Sadly, however, SNP hopeful Jim Barrie couldn’t square up to it. With the square jaw and brown suit of a shipyard shop steward c.1955, he certainly looked the part, but his call to support the SNP was … because Scotland should be a free nation? Because the idea of the UK as a partnership of equals is a joke? Because a changed world made it possible for Scots to achieve true self-determination without suffering penalties of scale?

“I want to tell you that if we want a hung parliament then the best way to go in Dundee West is with the SNP”.

Say what?

Even the rest of the candidates the lurch-like LibDem, the Tory foetus in moleskins and blazer, the shirt-sleeved socialist candidate, and the pleasant dope standing as an independent looked a little confused by this gambit. But it was the spirit of the evening. Candidates stood up and asserted their deep connection with the place. “I worked in the shipyards …” “my family here since 17 …” “I evolved from a species of shrimp found in the River Tay …” before getting onto a list of disconnected policies and tactical suggestions save for the independent candidate who used his whole two minutes reciting his CV and had only reached his years with the Dover Customs service by the end.

Of course there was a weird disconnect between this event, the debate within Scotland, and the leaders’ debates that was beginning as we listened. There, immigration was finally becoming a major debating point, though it was again in the catch-me-if-you-can style of every leader trying to get the other’s nose. David Cameron’s latest wheeze to get around his support of EU open borders is to suggest that future EU joiners would have partial border restrictions placed on their citizens, avoiding the issue that it is the East Europeans coming now that is pre-occupying people so.

For the most part it seemed one debate too many, going around the houses on inheritance tax, the stimulus package, etc, etc.

As a political performance, there doesn’t seem to be much doubt that Cameron won it, with Clegg a decisive second and Broon the hat-trick wooden spooner. Cameron was more assertive. Equally annoying but more assertive. He brought Clegg to heel, and that may well be good enough to start pushing the Lib-Dem percentages back towards its usual home in the lows 20s.

By contrast, if it hasn’t, then I don’t see much chance of Cameron beating back Clegg and establishing a clear Tory lead. But that doesn’t imply that the leads in these polls will translate into votes, simply because the whole experience is so novel and it seems likely that at least some of it will melt away in the silence and privacy of the ballot box.

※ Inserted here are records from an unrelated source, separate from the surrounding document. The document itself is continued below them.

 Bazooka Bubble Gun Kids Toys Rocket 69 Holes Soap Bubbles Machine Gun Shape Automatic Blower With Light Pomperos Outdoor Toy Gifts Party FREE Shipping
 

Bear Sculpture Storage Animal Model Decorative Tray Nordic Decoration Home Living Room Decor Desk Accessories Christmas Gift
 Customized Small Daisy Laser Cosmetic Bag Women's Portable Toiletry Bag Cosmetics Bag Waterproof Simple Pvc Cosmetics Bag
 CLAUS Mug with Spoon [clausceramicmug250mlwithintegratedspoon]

The debate flowed out of the laptops on the Glasgow train, pausing occasionally as we passed through tunnels. The only other sound was The Proclaimers of all things, leaking out of headphones tinny, miles distant, walking five hundred miles. In the dark, glassy lakes reflected quiet towns. Perth came and went and then Stirling, and other towns never ruined by the kulturkaust that tore the heart out of English cities in the ’50s and ’60s. If Scotland can extricate itself from this ancient political stitch-up, its politics, its culture will be very different from that down south, and the indifference to much of it north of the border is evidence of that.

But I suspect it will be despite the quality of many of the candidates the SNP is fielding, not because of them.